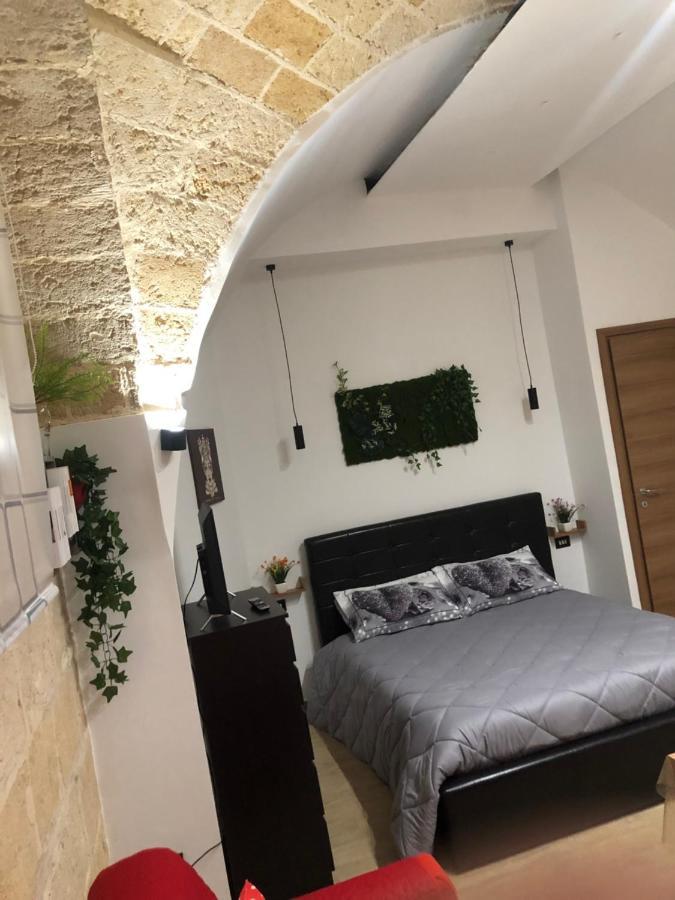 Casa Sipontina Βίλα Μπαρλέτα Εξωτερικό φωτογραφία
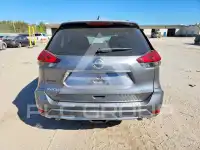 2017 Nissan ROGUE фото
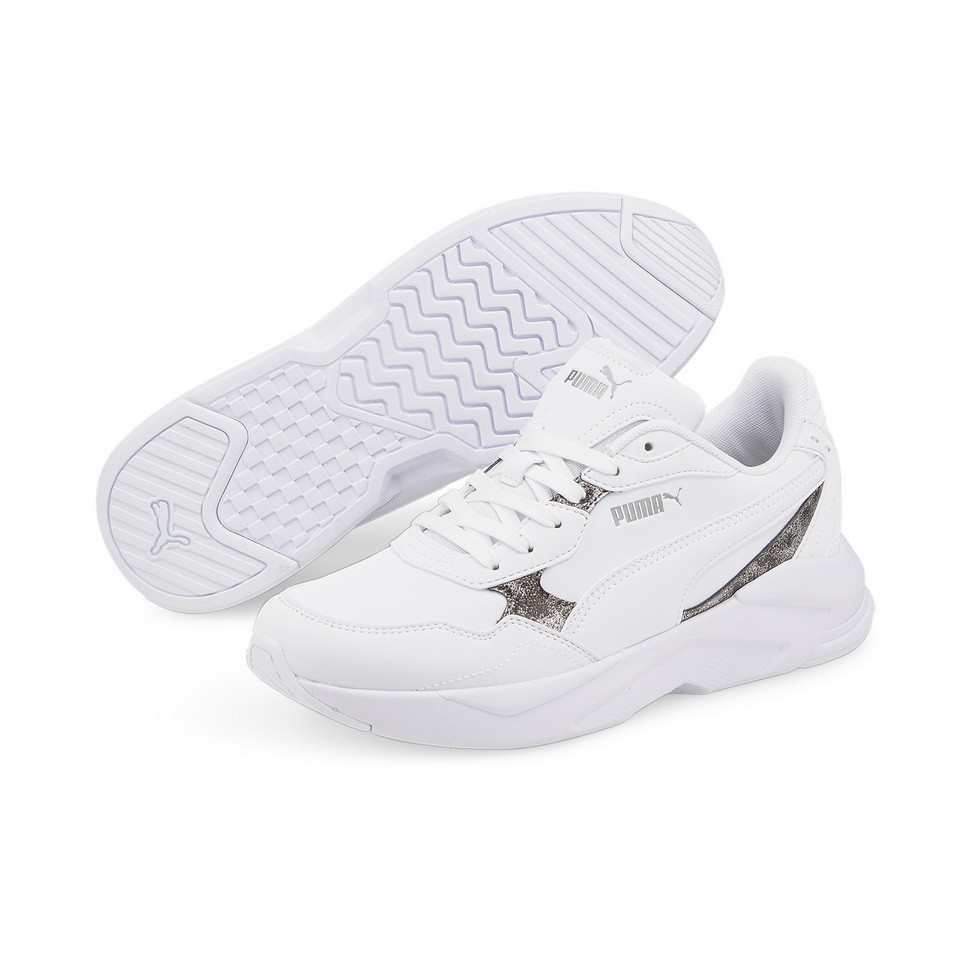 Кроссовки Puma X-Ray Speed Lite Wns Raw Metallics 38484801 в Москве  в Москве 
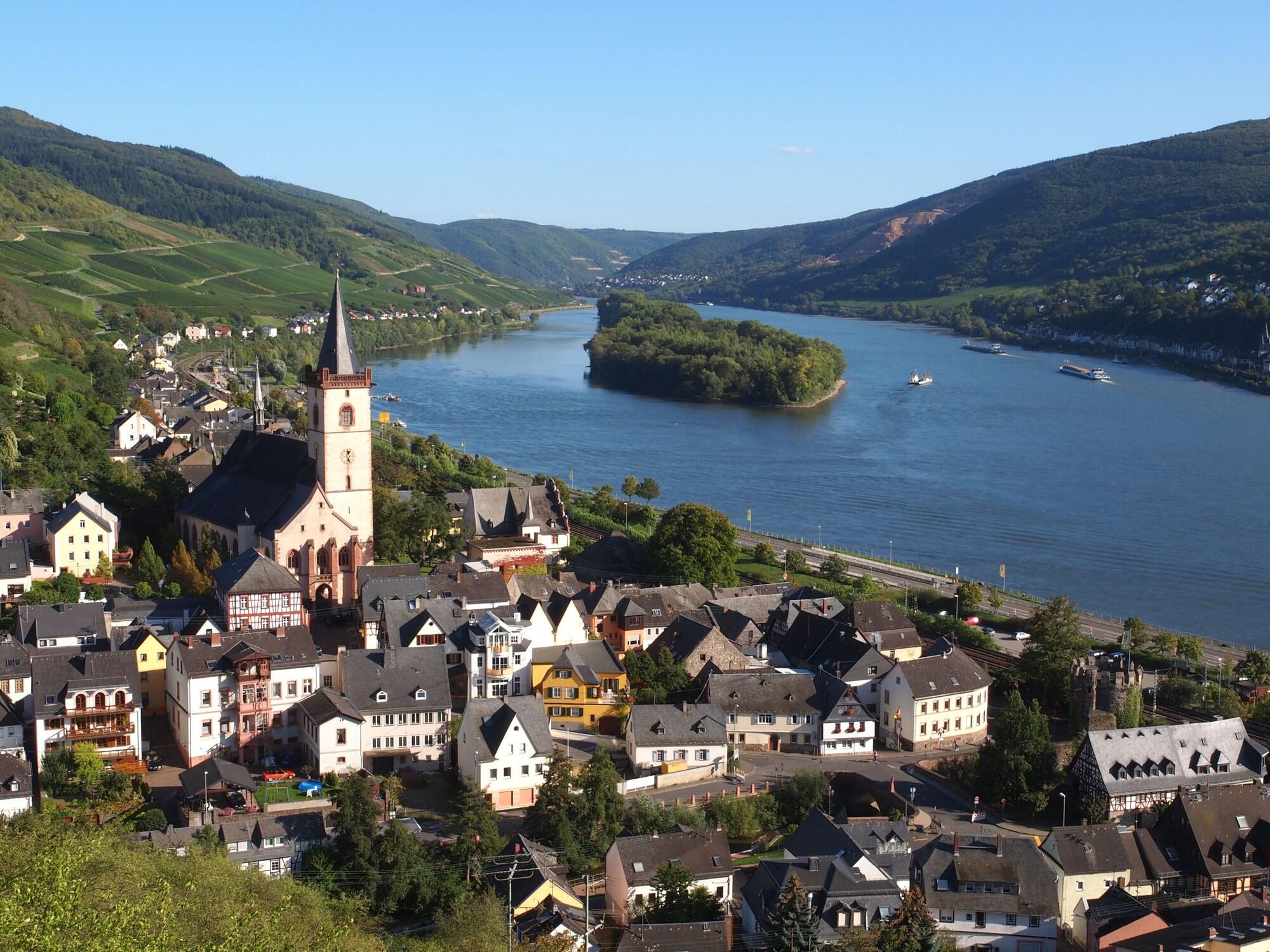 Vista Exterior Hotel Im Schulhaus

--------------------------------

Requirement - Skip the pictures and write out exactly the lines from the line containing "2017 Nissan ROGUE фото" through the end of the listing above.

Exercise response -
 2017 Nissan ROGUE фото
 Кроссовки Puma X-Ray Speed Lite Wns Raw Metallics 38484801 в Москве  в Москве 
 Vista Exterior Hotel Im Schulhaus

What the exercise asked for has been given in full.